From the first year at Roots and Shoots in 1999 David wanted to increase the presence of Apples both in the Wildlife Garden and at Roots and Shoots in general. At that time there was only one apple tree in the garden - a 'family apple' planted near to where the Children's Shelter is now. The apiary was disused along the greenhouse side of the garden and there was an aim in the first year to re-instal hives. As part of the design for the garden in this area - close to the old entrance gate - David planned a row of espalier-trained apple trees along the pathway between it and the apiary. This would make a 'living apple fence' to help control class groups of children, slowing down people movement and discouraging sudden entry to the apiary. This apple fence is now a major feature as you enter from the oak gate and ramp to the garden.

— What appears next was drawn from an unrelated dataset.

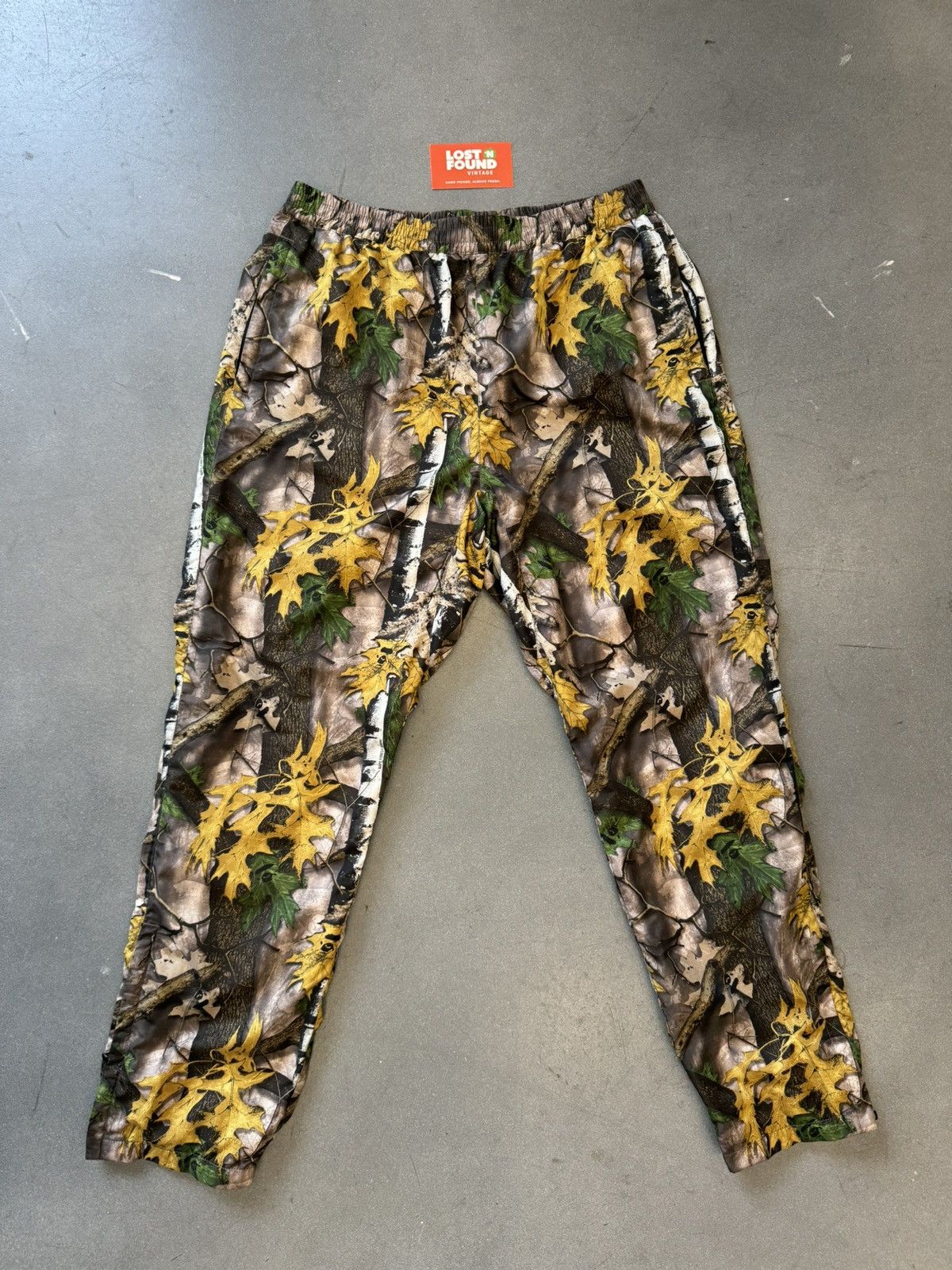 image of Bape Forest Camo Track Pants - Beige, Men's (Size 32)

David wanted to establish Apple Days as part of the Roots and Shoots calendar under the label of National Apple Day organised by Common Ground. We ran the first Apple Day in autumn 1999 - a small affair - and then expanded them each year.
As part of our early work on improving the Lambeth Walk Open Space we started to establish a new orchard of the apple variety "Cellini" from 2003/4. David started to run Apple Days from autumn 1999 and in 2003 applied for funding to make a film about apples. In collaboration with Reen Pilkington, a local photographer and film-maker, we made "ALL OUR APPLE DAYS". The film explores the origins and history of the apple, how people have enjoyed, used and bred apples and features the wildlife garden, the children of Walnut Tree Walk Primary School, Keepers Nursery near Maidstone and our great friends, David and Gayle Whittingham pressing their "Orchard Bounty Apple Juice" in the barns of their farm in the Usk Valley, Wales. Apart from being shown at many of our subsequent Apple Days and on the Community Channel, the film also led to David and Gayle donating their pressing equipment to Roots and Shoots in 2004 and to the planting of the Cellini Apple in Lambeth Walk Open Space.
"Cellini" is a variety that was bred in our area in 1828 - in the nurseries of Leonard Phillips near Vauxhall (roughly where New Covent Garden Market is now). It is the 'Vauxhall Apple'! We have gradually added new trees to the open space in the years since then producing the interesting orchard-and-meadow landscape we manage now. Unfortunately, there has been some vandalism to trees over the years, with the oldest one completely destroyed in 2009, another stolen, complete with stakes, and others damaged by dogs. We have persistently replaced and cared for the trees and do hope they will one day mature. They are up against it though - this is also a demolition site and there is much concrete, tarmac and rubble beneath the thin covering of turf. There is an interpretation sign in the space with details of individual trees and some history of Cellini. You can also find out more at each of our annual Apple Days at the beginning of October.